Lending people money can be a great business model. You get to charge interest just because you had the financial resources someone else needed for a transaction. Most people do their best to repay their debts, so you can count on regular payments from most borrowers.
Of course, lenders also take substantial risks by choosing to extend credit to other people. Those individuals might refuse to pay by defaulting on the loan. Lenders who secure the funds that they offer by attaching them to physical assets like vehicles or real estate have a bit more protection when borrowers don’t pay.
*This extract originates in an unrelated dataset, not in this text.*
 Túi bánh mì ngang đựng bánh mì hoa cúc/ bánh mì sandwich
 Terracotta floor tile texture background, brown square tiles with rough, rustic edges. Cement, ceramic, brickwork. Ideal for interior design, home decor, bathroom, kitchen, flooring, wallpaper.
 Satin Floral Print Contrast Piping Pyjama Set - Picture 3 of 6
They can either reclaim the property or use its role as collateral to convince someone to repay a debt. Secured lenders can still take losses sometimes, especially if a borrower files for bankruptcy. However, the Supreme Court recently upheld the rights of secured lenders even in bankruptcy proceedings.
Repossession before a filing is not a violation of someone’s rights
The Supreme Court heard a case earlier this year involving the city of Chicago and people who have lost their vehicles because of unpaid tickets and fines. There were four separate vehicles that the city seized due to unpaid amounts owed by the vehicle owners.
Each of those owners then independently filed bankruptcy and demanded that the city return their vehicles. Initially, lower courts agreed that the city had to return the vehicles. However, the Supreme Court found that those with a security interest in collateral property do not violate the automatic stay in bankruptcy by repossessing the vehicle before someone files.
Understanding how bankruptcy law and court precedents may affect your rights as a lender can help you advocate for yourself when a borrower files for bankruptcy.